Returns a scalar: either a numeric constant, or a text string.
This is called when dereferencing symbolic links, to learn the target.
example rv: return "/proc/self/fd/stdin";
=head3 getdir
Arguments: Containing directory name.
Returns a list: 0 or more text strings (the filenames), followed by a numeric errno (usually 0).
This is used to obtain directory listings. It's opendir(), readdir(), filldir() and closedir() all in one call.
example rv: return ('.', 'a', 'b', 0);
=head3 mknod
Arguments: Filename, numeric modes, numeric device
Returns an errno (0 upon success, as usual).

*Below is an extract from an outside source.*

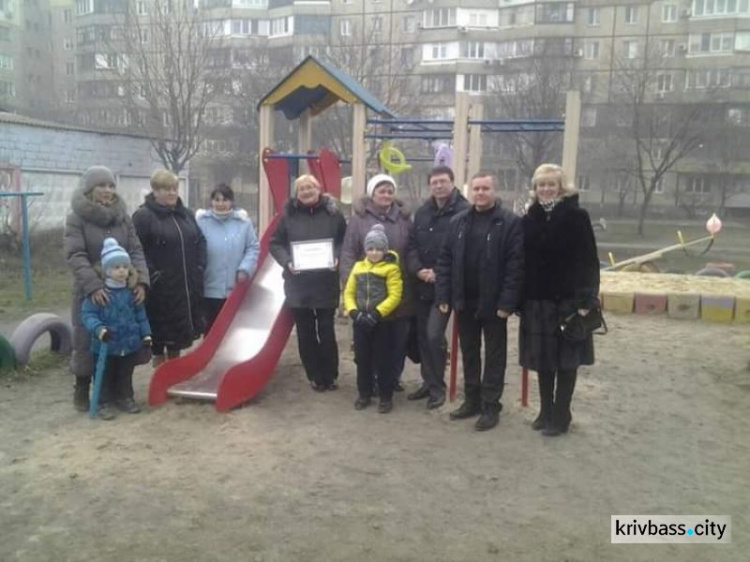 Дети из Кривого Рога получили в подарок на Рождество новую детскую площадку (ФОТО)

This function is called for all non-directory, non-symlink nodes,
not just devices.
=head3 mkdir
Arguments: New directory pathname, numeric modes.
Returns an errno.
Called to create a directory.
=head3 unlink
Arguments: Filename.
Returns an errno.
Called to remove a file, device, or symlink.
=head3 rmdir
Arguments: Pathname.
Returns an errno.
Called to remove a directory.
=head3 symlink
Arguments: Existing filename, symlink name.
Returns an errno.
Called to create a symbolic link.
=head3 rename
Arguments: old filename, new filename.
Returns an errno.
Called to rename a file, and/or move a file from one directory to another.
=head3 link
Arguments: Existing filename, hardlink name.
Returns an errno.
Called to create hard links.
=head3 chmod
Arguments: Pathname, numeric modes.
Returns an errno.
Called to change permissions on a file/directory/device/symlink.
=head3 chown
Arguments: Pathname, numeric uid, numeric gid.
Returns an errno.
Called to change ownership of a file/directory/device/symlink.
=head3 truncate
Arguments: Pathname, numeric offset.
Returns an errno.
Called to truncate a file, at the given offset.
=head3 utime
Arguments: Pathname, numeric actime, numeric modtime.
Returns an errno.
Called to change access/modification times for a file/directory/device/symlink.
=head3 open
Arguments: Pathname, numeric flags (which is an OR-ing of stuff like O_RDONLY
and O_SYNC, constants you can import from POSIX), fileinfo hash reference.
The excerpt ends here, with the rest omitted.